II Kings 24:18-19; Jeremiah 52:1-2; 27:1-11; 48-49
The LORD declares through Jeremiah:
It is I Who by My great power and My outstretched arm have made the earth, with the men and animals that are on the earth, and I give it to whomever it seems right to Me.
Jeremiah 27:5
We all smile and nod our heads in intellectual assent to the sovereignty of God. And it is all just fine, so long as we are thinking in the abstract and it is all “out there”.
Now I have given all these lands into the hand of Nebuchadnezzar, the king of Babylon, My servant, and I have given him also the beasts of the field to serve him. All the nations shall serve him…
Jeremiah 27:6-7a
Ah, here we move from the abstract to the concrete, and we begin to fidget.

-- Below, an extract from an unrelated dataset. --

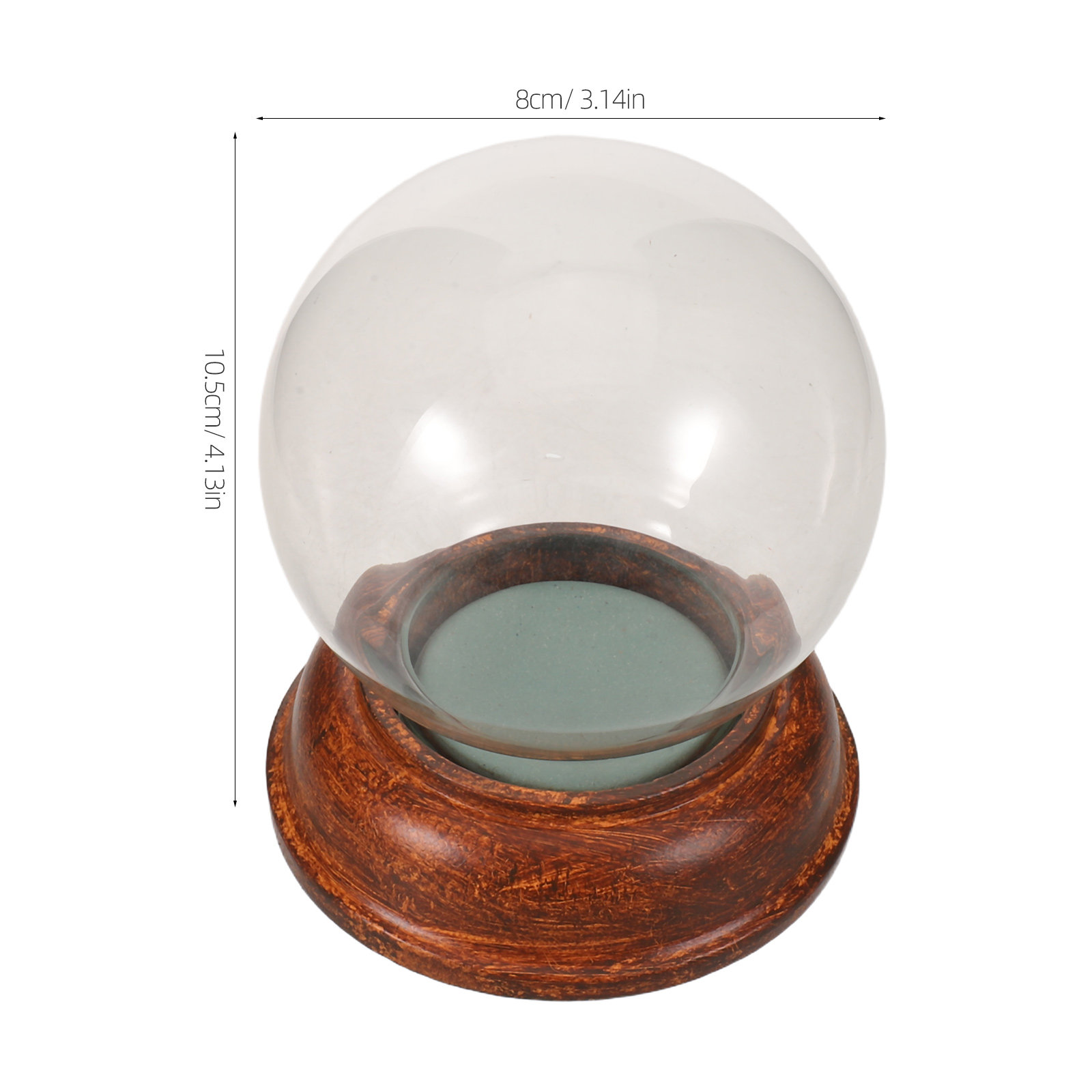 80 mm przezroczysta, pusta szk – Plastic Dome Clear recenzja i cena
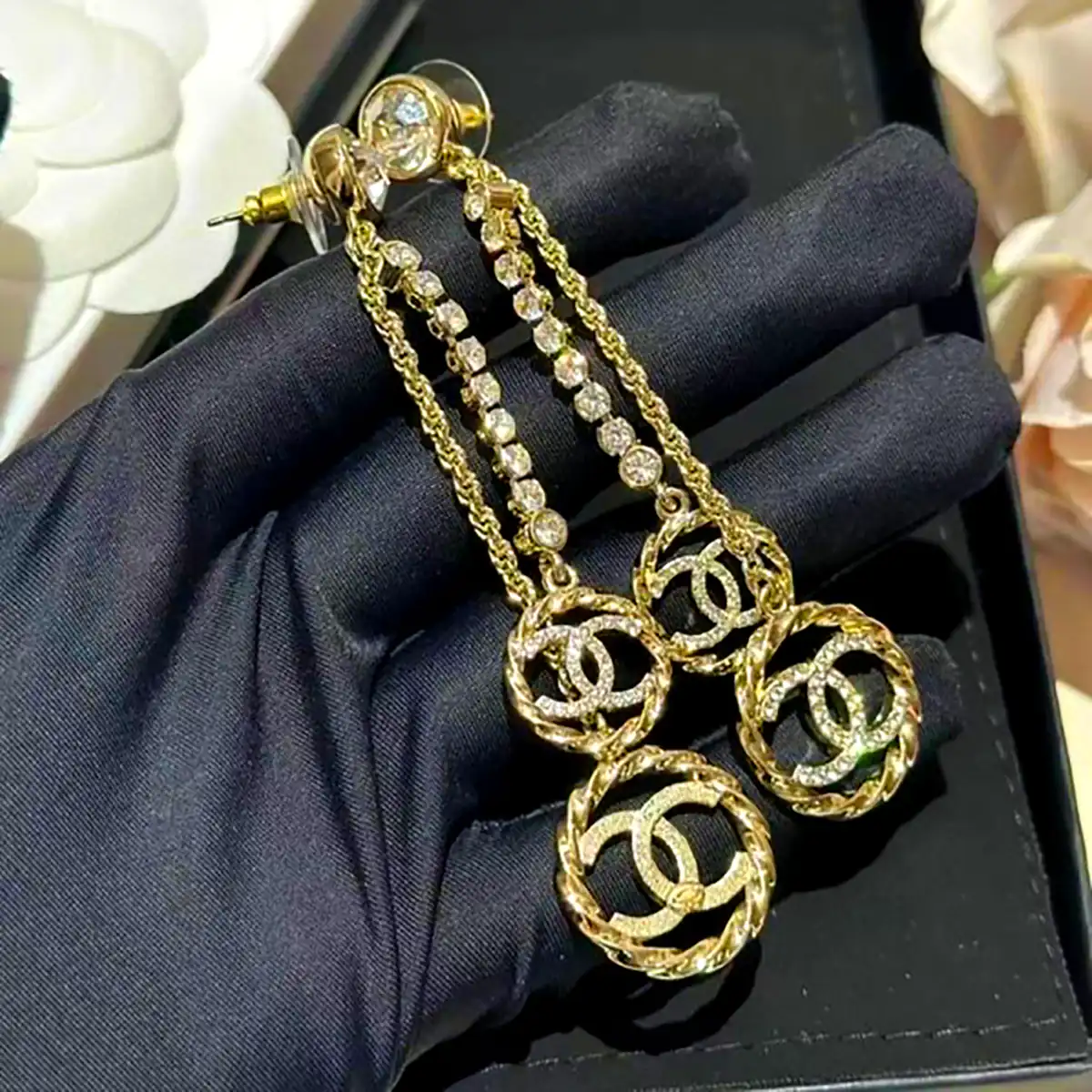 گوشواره حلقه ای طلای برند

But if any nation or kingdom will not serve this Nebuchadnezzar king of Babylon, and put its neck under the yoke of the king of Babylon, I will punish that nation with the sword, with famine, and with pestilence, declares the LORD, until I have consumed it by his hand.
Jeremiah 27:8
Now we go from fidgeting to fear (or worse), because our nice abstract idea about God’s sovereignty suddenly demands something quite concrete of us, something we do not want to do: surrender to our perceived enemy.
So long as God’s will lines up with our own desires, we’re happy to say He is sovereign, but when His will and our desires diverge, we have a problem. Then we start trying to punch holes in this idea of an all-sovereign God, or we assert that His will is different from what we know it to be, all so that we can cling to our own way, our sin. But trying to outflank or outwit or overpower an omnipresent, omniscient, omnipotent God is a losing proposition.
Stay tuned.
One more thing…
It is our sins that make the barbarians strong. It is our vices that vanquish Rome’s soldiers. As if there were here too little material for carnage, civil wars have made almost greater havoc among us than the swords of foreign foes. Miserable must those Israelites have been compared with whom Nebuchadnezzar was called God’s servant. Unhappy too are we who are so displeasing to God that he uses the fury of the barbarians to execute his wrath against us. Still, when Hezekiah repented, 185,000 Assyrians were destroyed in one night by a single angel. When Jeshosaphat sang the praises of the Lord, the Lord gave his worshiper the victory. Again, when Moses fought against Amalek, it was not with the sword but with prayer that he prevailed. Therefore, if we wish to be lifted up, we must first prostrate ourselves.
Saint Jerome on Jeremiah 27, from Letter 60.17
Try rereading the above substituting “terrorists” for “barbarians” and “U.S.A.” for “Rome”.